Tuesday, August 5, 2008

Porgy & Jess

A little Gershwin with my coffee this morning. . .

As I was preparing the first pot of joe for the day, "Summertime" flickered across the screen of my internal iPod.  Yes, there is a constant soundtrack running in my brain.  A habit born from an era when I was certain I was headed for film school, I break 20 to 30 times a day and wonder what song would best fit the moment.  Give it a try some time, that's if you don't already do this.  Typically, I go for more Tarantino-esqu motifs, songs that sounds out of place on the surface, though further examination reveals their very meta existence.  

This morning was unique.  Today's moment was straight forward and beautiful.  As I sifted in delicious morning blend grounds, I caught myself humming "Summertime."  After quickly realizing both of my roommates were still asleep, one snuggled in his crib and the other splayed across our entire bed, I let loose.  Sang at the top level of my "inside voice."  Luckily, the dogs did not howl- for I have a "unique" voice.  Something akin to a security alarm, like an ambulance and a cuisinart had a baby who auditioned for American Idol- that's equivalent to my vocal stylings.  

"Summertime" lyrics are what really hit me.  "Summertime and the livin' is easy. . ."  Yep, for the very first time this summer, the livin' is easy.  Feels like my vacation can finally start.  

4 comments:

Karen Getty said...

Oh Anna, he is truly precious.
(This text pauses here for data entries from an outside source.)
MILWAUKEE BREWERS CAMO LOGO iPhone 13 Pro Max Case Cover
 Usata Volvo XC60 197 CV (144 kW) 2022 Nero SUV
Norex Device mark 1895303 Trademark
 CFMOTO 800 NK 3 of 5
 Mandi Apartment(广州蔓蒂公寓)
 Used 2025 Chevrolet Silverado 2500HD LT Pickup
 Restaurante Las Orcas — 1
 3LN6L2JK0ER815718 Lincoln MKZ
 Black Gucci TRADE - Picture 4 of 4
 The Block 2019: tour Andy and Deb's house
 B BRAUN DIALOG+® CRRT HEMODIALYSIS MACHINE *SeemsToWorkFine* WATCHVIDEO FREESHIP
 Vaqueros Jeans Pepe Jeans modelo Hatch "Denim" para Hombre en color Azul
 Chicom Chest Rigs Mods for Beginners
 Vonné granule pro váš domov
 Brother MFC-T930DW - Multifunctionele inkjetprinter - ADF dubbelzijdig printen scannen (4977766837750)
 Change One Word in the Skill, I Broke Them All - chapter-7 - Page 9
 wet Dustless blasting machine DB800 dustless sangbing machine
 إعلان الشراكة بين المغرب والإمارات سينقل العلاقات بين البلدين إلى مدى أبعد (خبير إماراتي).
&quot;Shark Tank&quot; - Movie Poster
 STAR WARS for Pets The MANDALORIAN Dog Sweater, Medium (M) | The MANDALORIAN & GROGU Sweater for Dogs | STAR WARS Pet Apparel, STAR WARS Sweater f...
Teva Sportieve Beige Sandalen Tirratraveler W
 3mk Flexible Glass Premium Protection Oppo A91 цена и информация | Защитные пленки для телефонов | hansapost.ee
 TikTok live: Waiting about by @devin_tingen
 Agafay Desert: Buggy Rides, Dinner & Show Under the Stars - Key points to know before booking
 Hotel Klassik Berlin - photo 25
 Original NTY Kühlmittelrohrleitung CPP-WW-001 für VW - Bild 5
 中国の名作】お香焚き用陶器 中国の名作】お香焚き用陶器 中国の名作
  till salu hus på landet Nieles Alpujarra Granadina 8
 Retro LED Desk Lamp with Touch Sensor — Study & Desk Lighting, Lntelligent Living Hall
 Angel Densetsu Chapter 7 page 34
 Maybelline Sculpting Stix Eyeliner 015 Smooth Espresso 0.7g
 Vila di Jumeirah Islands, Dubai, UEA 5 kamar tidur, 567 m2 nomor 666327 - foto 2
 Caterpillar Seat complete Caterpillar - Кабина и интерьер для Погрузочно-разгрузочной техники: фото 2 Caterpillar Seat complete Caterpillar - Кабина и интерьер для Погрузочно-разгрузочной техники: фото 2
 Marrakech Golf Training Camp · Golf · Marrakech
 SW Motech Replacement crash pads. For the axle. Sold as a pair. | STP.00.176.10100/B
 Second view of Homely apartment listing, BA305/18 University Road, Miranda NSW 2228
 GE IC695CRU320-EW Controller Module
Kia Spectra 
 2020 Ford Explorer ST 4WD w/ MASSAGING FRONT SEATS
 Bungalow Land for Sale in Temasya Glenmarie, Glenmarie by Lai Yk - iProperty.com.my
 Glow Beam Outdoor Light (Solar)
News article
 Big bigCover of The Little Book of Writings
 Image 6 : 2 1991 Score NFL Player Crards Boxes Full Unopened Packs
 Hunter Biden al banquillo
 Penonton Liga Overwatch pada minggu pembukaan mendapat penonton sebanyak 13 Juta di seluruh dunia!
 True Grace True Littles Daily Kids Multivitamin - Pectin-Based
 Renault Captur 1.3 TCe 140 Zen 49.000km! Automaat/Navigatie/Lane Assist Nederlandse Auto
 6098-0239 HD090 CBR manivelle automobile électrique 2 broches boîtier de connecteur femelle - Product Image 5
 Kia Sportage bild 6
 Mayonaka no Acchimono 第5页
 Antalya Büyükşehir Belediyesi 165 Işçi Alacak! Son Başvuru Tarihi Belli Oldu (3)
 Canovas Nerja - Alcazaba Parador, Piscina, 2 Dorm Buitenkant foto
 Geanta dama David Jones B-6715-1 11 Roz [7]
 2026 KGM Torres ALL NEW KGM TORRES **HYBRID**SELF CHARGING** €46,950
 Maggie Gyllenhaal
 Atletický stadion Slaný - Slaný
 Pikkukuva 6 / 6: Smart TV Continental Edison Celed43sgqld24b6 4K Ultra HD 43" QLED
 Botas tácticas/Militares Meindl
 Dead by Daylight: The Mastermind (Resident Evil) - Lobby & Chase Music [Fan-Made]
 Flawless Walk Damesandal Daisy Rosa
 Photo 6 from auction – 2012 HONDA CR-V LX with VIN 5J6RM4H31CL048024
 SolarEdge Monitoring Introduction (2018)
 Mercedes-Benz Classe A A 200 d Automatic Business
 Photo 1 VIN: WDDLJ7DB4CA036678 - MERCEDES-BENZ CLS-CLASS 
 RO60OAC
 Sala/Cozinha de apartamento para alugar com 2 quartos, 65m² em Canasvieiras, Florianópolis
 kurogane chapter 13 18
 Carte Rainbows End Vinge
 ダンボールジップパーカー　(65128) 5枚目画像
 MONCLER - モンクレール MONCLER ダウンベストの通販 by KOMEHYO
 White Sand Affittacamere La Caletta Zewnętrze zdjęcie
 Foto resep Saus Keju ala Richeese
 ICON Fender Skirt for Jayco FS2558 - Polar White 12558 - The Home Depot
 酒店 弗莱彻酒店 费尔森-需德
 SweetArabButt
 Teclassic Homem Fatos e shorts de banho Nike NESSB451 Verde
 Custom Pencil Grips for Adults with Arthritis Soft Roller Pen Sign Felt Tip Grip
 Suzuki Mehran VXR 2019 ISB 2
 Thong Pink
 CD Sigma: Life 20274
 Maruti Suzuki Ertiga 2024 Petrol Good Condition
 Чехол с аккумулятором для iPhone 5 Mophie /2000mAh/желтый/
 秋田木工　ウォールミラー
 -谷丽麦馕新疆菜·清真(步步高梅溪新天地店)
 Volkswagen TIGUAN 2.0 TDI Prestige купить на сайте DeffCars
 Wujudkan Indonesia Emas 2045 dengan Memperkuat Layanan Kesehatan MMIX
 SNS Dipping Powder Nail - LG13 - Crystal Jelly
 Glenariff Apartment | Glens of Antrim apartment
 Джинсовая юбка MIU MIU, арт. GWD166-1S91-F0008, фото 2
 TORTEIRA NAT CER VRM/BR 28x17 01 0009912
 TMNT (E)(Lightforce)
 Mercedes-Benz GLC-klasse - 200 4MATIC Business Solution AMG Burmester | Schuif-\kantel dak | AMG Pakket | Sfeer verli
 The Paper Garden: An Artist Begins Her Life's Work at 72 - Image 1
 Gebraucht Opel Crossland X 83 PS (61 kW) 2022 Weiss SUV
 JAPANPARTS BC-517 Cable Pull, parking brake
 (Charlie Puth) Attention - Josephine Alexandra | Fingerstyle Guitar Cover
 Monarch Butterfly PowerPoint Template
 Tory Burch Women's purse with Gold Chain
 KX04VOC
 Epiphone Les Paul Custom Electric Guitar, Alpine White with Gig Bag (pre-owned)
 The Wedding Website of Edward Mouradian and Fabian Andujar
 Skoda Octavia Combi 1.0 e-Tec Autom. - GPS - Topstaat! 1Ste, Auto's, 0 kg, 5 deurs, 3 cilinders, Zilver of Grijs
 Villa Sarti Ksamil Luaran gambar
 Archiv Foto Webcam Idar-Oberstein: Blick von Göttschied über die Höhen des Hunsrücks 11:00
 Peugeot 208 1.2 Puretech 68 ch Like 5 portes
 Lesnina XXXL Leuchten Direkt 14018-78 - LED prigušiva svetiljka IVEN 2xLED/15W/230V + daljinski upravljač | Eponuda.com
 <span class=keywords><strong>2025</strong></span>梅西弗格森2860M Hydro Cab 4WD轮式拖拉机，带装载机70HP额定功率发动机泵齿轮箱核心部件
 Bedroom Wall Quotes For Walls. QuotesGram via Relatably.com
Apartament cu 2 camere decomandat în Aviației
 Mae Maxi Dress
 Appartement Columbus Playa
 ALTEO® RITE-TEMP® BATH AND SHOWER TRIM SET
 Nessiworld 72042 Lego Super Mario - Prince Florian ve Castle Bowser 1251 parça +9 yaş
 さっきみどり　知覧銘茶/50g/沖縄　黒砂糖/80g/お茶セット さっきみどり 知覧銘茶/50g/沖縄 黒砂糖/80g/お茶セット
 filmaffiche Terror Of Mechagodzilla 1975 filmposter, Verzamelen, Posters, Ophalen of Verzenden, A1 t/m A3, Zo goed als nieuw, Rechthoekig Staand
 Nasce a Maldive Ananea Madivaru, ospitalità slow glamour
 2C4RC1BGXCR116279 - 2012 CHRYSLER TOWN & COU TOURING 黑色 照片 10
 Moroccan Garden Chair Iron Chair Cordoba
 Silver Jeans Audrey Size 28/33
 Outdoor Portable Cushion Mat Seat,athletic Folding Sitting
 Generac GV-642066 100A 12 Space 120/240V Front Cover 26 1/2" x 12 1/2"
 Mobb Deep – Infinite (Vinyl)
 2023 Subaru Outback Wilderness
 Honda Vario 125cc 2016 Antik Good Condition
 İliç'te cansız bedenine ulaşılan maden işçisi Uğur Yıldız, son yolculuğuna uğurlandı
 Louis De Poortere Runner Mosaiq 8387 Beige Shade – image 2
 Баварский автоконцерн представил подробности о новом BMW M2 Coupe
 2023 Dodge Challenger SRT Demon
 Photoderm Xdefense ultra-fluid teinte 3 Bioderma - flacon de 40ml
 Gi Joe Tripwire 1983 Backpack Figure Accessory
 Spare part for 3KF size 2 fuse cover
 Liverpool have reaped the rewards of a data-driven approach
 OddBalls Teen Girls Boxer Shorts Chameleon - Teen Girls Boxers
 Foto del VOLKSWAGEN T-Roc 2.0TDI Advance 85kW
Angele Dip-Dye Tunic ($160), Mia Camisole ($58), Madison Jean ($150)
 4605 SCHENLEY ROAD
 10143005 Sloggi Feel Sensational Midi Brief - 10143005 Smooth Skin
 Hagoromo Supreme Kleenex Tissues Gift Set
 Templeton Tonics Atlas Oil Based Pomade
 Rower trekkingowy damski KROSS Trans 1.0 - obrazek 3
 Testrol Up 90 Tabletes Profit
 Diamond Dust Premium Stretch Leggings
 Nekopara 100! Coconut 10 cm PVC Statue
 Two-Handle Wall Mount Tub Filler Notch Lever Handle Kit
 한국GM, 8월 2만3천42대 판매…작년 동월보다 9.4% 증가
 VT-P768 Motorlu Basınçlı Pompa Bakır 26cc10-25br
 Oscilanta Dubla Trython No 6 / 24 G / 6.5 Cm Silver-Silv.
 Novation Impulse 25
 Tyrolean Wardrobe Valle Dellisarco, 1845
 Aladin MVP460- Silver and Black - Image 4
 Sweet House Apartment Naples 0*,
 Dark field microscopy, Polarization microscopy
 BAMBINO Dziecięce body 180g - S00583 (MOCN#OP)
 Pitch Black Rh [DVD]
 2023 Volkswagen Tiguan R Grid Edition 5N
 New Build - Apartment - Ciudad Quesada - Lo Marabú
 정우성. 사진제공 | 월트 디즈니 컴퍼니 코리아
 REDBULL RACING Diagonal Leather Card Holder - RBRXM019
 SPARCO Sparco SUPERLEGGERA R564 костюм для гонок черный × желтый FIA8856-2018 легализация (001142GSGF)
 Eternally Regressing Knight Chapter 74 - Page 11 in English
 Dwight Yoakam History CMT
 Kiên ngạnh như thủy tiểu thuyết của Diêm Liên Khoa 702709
I love those pics of Jesse kissing his little nose. He is seriously puckering up to daddy! You are right - that is priceless. On another note, while I sometimes compare moments of my life to music, I'm notorious for breaking into movie quotes constantly. Almost any life situation reminds me of some movie scene. Love, K

Anonymous said...

What a shame that this little guy has no one to love him...NOT! He is so sweet...and he certainly focuses on you and Jesse! No wonder, the two most important people in his world...taking care of all of his needs from A (adoring) to Z ("the zipper")!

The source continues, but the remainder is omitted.